## Task
Reproduce the whole listing below without its pictures, exactly as written.

*** Data provided ***

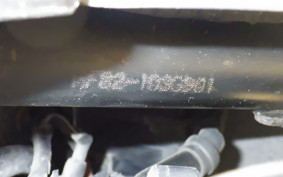 HONDA DIO Gen.6 2022 AF62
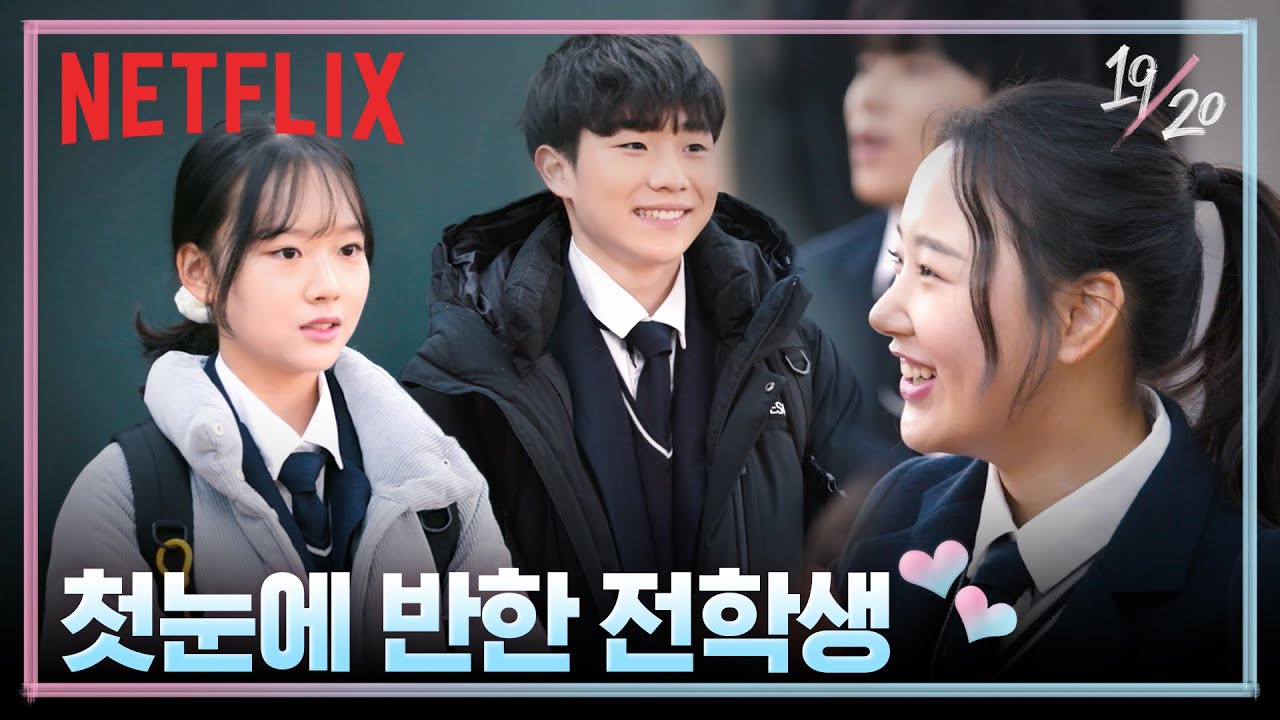 운명의 전학생이 등장했다 | 19/20 | 넷플릭스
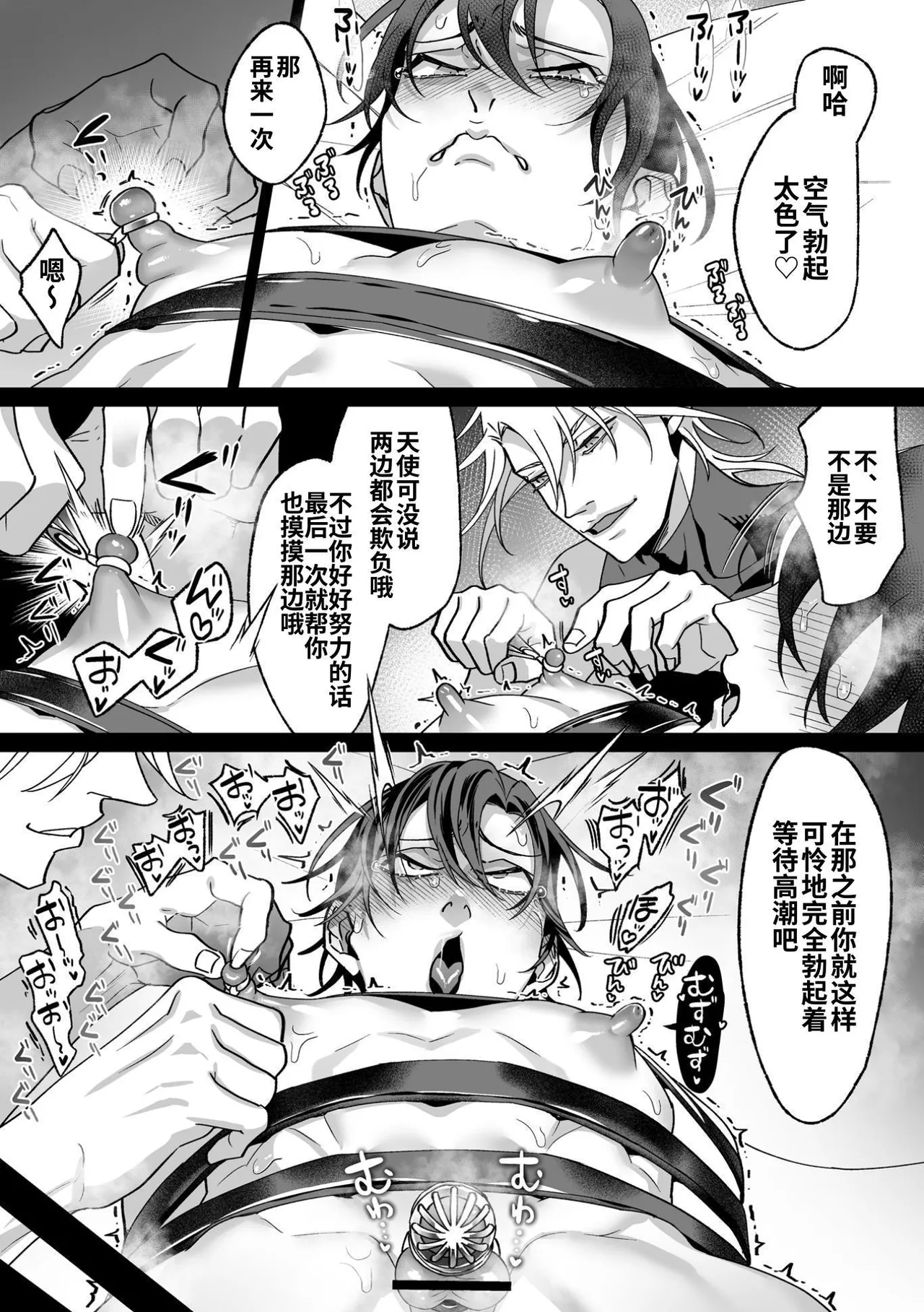 Ama Sado tenshi no iu tōri  | 听从甜蜜施虐天使的话 - Page 167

*** End of Data provided ***

## Task response
 HONDA DIO Gen.6 2022 AF62
 운명의 전학생이 등장했다 | 19/20 | 넷플릭스
 Ama Sado tenshi no iu tōri  | 听从甜蜜施虐天使的话 - Page 167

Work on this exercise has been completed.